DROP TABLE IF EXISTS `t`;
/*!40101 SET @saved_cs_client     = @@character_set_client */;

<BREAK>

What is happen above?
What value has character_set_client?

Could be hebrew ... could be latin1 ... could be whatever the client is using when I will restore the dump.

Just say user wasn't careful and it is hebrew. 

<NEXT>

/*!40101 SET character_set_client = utf8 */;

<BREAK>

Now it charset_client is utf8 ... which is ok

<NEXT>

CREATE TABLE `t` (
  `i` bigint(20) unsigned NOT NULL AUTO_INCREMENT,
  `j` int(11) DEFAULT NULL,
  UNIQUE KEY `i` (`i`)
) ENGINE=MyISAM AUTO_INCREMENT=8193 DEFAULT CHARSET=latin1;

<BREAK>

Table is created by using charset UTF8. Means
when user used e.g. German umlauts as identifiers
(table name or column name or constraint name or index name)
then it will be transfered by using utf8.

It is ok for Unix/Linux systems because most times utf8 is used here today.
But what about Windows? What about Mac?

<NEXT>

/*!40101 SET character_set_client = @saved_cs_client */;

<BREAK>

Aaaaaaaaargs ... what is happen here?

We said that saved_cs_client is hebrew ... which means now character_set_client will be set to hebrew.

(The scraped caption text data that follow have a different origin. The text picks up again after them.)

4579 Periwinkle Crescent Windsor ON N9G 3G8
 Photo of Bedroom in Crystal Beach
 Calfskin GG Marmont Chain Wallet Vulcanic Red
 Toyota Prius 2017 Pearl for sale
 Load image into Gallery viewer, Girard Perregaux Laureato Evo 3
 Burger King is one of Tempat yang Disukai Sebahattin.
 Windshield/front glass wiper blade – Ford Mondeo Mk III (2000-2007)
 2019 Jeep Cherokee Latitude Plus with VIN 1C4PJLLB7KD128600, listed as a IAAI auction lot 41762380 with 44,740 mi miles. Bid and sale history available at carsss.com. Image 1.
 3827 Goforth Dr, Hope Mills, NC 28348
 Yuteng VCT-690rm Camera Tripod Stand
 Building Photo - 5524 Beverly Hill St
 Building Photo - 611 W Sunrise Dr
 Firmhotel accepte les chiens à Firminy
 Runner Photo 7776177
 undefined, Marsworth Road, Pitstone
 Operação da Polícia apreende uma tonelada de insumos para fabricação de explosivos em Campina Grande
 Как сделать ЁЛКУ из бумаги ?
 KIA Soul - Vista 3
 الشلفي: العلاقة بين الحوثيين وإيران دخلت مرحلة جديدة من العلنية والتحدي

Consider, the following data are stored in utf8. So character_set_client should be utf8 and nothing else for getting the data proper back into a database.

<NEXT>
--
-- Dumping data for table `t`
--
.....

<CUT>
<BREAK>

Data were correct utf8 encoded but will get stored in a total gibberish because the file is telling the server that the data are stored in hebrew.

How to repeat:
See above

Suggested fix:
Look that you can fix this charset chaos.
[15 Apr 2010 14:43] Alfredo Kojima
WB already uses --default-character-set=utf8 in mysql cmdline client when importing.
However, the problem with mysqldump itself persists, so I am recategorizing it to a Server bug,
as agreed upon by Susanne.
[20 Apr 2010 19:09] Jim Winstead
I don't see the problem in this poorly-written bug report. The first big block of variable setting by mysqldump circa 5.1 contains this:

/*!40101 SET @OLD_CHARACTER_SET_CLIENT=@@CHARACTER_SET_CLIENT */;
/*!40101 SET @OLD_CHARACTER_SET_RESULTS=@@CHARACTER_SET_RESULTS */;
/*!40101 SET @OLD_COLLATION_CONNECTION=@@COLLATION_CONNECTION */;
/*!40101 SET NAMES utf8 */;

Indeed, mysqldump by default always dumps everything using utf8 unless you specifically tell it not to do so, and does a lot of superfluous setting and resetting of the client character set, but I don't see any actual bug here.